“Cuando en 1538 Juan de Yepes conoció a santa Teresa, él tenía veintiséis años. Había estado cinco años en la Orden Carmelita, pero debido a que sus expectativas de una vida solitaria y contemplativa no iban a ser cumplimentadas bajo una regla atenuada, se estaba preparando para hacerse cartujo. Santa Teresa lo persuadió de que Dios tenía otros planes para él: no debía unirse a una de las órdenes monásticas donde la contemplación era ampliamente una cuestión de oración oral. Él no se había equivocado al hacerse carmelita: todo lo que precisaba hacer era volver al ideal carmelita original y hallaría una abundancia de oportunidades para la comunicación solitaria con Dios, junto con la mortificación que protege la “pureza del corazón” sin la cual ningún hombre puede “ver” a Dios.
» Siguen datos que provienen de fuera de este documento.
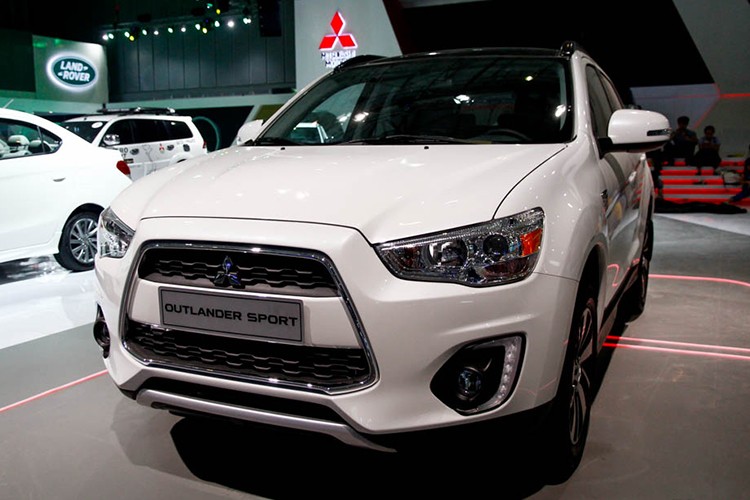 Nếu như trong tháng 1/2018 mẫu  xe Mitsubishi Outlander Sport vẫn xuất hiện trong danh mục sản phẩm đi kèm cả khuyến mại, thì nay đã chính thức biến mất. Đại diện truyền thông của Mitsubishi Motors Việt Nam (MMV) đã xác nhận việc ngừng phân phối mẫu crossover cỡ nhỏ này.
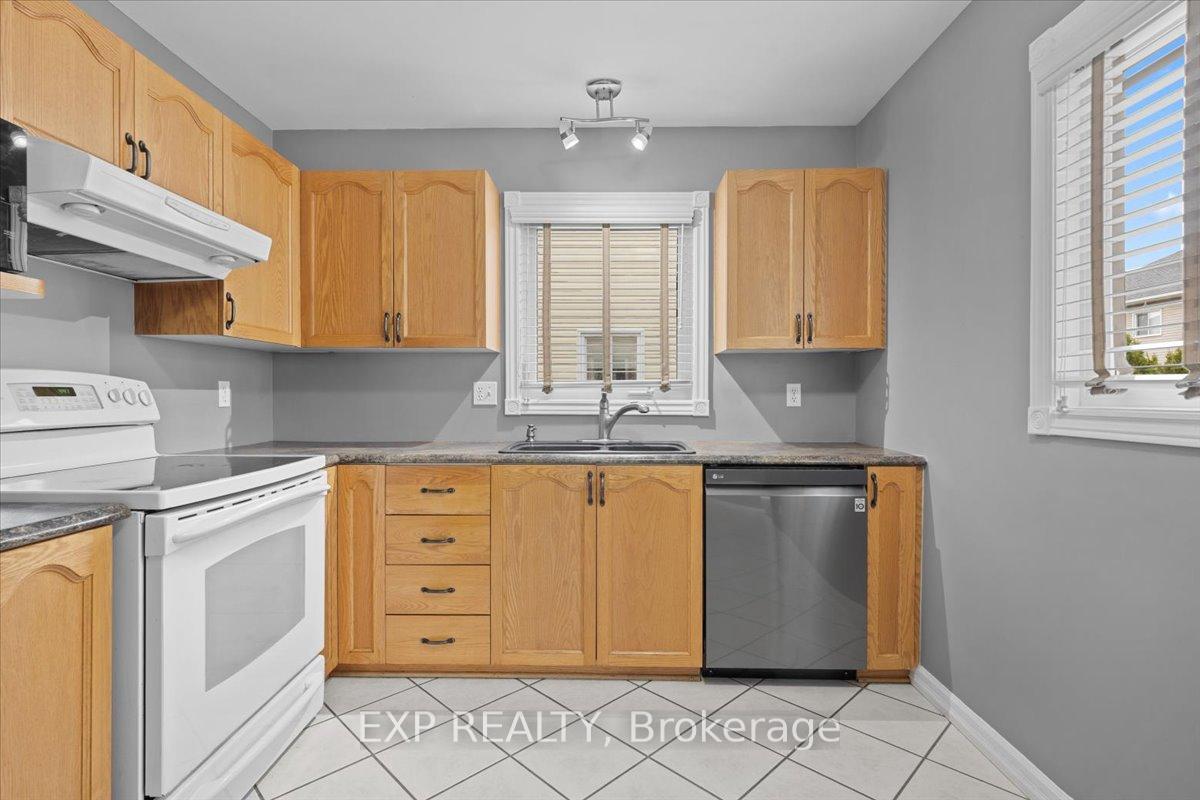 Photo 11 of 851 Beauregard Crescent, Ottawa, Fallingbrook/Ridgemount — HOMEH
A primera vista, el joven fraile carmelita no parecía el tipo de persona con quien se espera construir una orden completamente nueva. Media apenas 1, 55 metros. Tenía una actitud tímida, silenciosa, sensible y, lejos de ser comunicativo, a menudo quedaba tan abstraído que no advertía lo que los demás le decían. Sin embargo, Santa Teresa pronto descubrió que él poseía una sabiduría profunda nacida de la experiencia. Él era tan sensato como ella, y más todavía, tenía pasta de teólogo. Además, contaba con la energía y el coraje de ella, aunque él no estaba a tono con su pintoresco temperamento. Finalmente, como se verificó después, él era un poeta, uno de los más interesantes poetas en una época de genios. No obstante, esto sólo fue evidente más adelante.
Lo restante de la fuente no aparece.